Apple TV+’s World War II series is a sprawling, painstaking period piece following the based-on-real-life 100th Bomb Group of the US Air Force, a ragtag group eventually nicknamed the “Bloody Hundredth” for its acts of aerial derring-do above enemy territory, and the gruesome toll its members incurred in the process.
When Butler’s Major Gale Cleven or Barry Keoghan’s Lieutenant Curtis Biddick gear up to fly 25,000 feet above Nazi Germany, their best protection against frostbite comes in the form of their shearling-lined jackets, which costume designer Colleen Atwood ordered by the hundreds from Eastman Leathers, a UK-based repro brand that also outfitted cast members in George Clooney’s 2019 reimagining of Catch-22.
Aviator jackets as we know them were introduced around the tail-end of World War I to help fighter pilots stay warm in open-air planes. The A-1 flight jacket, their earliest iteration, was characterized by its cropped silhouette, knit cuffs, button closure, and sheepskin lining; at the time, it was about as cozy as a jacket could get.
By the onset of World War II, pilots were no longer flying en plein air, but their aircrafts could reach previously unfathomable heights. They needed warmer jackets. Enter the B-3, the scene-stealing jacket that appears so often in Masters of the Air it deserves an IMDb page of its own. The latest, greatest aviator jacket of the era kept the shearling lining and cropped silhouette, but ditched the buttons for a zipper—and added a set of straps for an oxygen mask.
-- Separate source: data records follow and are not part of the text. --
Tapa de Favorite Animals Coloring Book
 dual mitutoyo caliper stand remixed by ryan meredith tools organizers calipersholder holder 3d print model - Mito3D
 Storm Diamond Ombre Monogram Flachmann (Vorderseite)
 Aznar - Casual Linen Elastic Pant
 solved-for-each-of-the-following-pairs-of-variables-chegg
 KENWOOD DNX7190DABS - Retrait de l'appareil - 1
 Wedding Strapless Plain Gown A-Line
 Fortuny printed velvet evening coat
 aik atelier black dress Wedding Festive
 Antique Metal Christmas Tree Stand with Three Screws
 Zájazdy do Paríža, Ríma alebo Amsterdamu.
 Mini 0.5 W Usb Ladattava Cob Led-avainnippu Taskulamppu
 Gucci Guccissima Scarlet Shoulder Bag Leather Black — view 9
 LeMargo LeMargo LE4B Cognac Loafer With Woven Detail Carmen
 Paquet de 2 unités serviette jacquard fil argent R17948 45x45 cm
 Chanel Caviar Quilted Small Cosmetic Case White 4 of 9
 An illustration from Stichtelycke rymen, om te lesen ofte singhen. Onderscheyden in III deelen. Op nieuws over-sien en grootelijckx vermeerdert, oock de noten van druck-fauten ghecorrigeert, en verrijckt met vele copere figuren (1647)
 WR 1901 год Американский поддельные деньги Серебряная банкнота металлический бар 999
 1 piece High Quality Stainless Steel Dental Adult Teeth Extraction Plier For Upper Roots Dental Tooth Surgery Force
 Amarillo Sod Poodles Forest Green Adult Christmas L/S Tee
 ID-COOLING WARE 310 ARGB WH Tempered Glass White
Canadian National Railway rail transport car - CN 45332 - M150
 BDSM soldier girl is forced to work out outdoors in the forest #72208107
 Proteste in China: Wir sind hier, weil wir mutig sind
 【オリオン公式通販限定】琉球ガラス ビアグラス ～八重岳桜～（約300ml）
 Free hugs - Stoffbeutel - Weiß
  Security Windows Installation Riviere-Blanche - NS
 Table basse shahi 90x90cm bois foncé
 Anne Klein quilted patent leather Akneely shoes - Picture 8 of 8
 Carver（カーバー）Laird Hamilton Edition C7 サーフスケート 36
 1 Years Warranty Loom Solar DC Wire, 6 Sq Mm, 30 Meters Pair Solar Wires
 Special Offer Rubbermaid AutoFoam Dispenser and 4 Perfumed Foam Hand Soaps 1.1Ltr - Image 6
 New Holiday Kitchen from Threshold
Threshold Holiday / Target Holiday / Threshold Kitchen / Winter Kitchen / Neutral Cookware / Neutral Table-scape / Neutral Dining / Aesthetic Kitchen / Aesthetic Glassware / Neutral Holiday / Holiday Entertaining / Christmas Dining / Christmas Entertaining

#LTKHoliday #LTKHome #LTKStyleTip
These days, riffs on the B-3 are available by the dozen, courtesy of big-name luxury brands and heritage outerwear specialists alike. The one through line? All that shearling means they’ll cost you a pretty penny—and they’re still worth every damn cent. They might not save your extremities on a perilous mission over enemy territory, but hey, if you need to amble to the deli for a BEC during a snowstorm, they’ll help you look Bane-level badass doing it. The Military Industrial Complex is nefarious and far-reaching, but sometimes it inspires a product actually worthy of your tax dollars.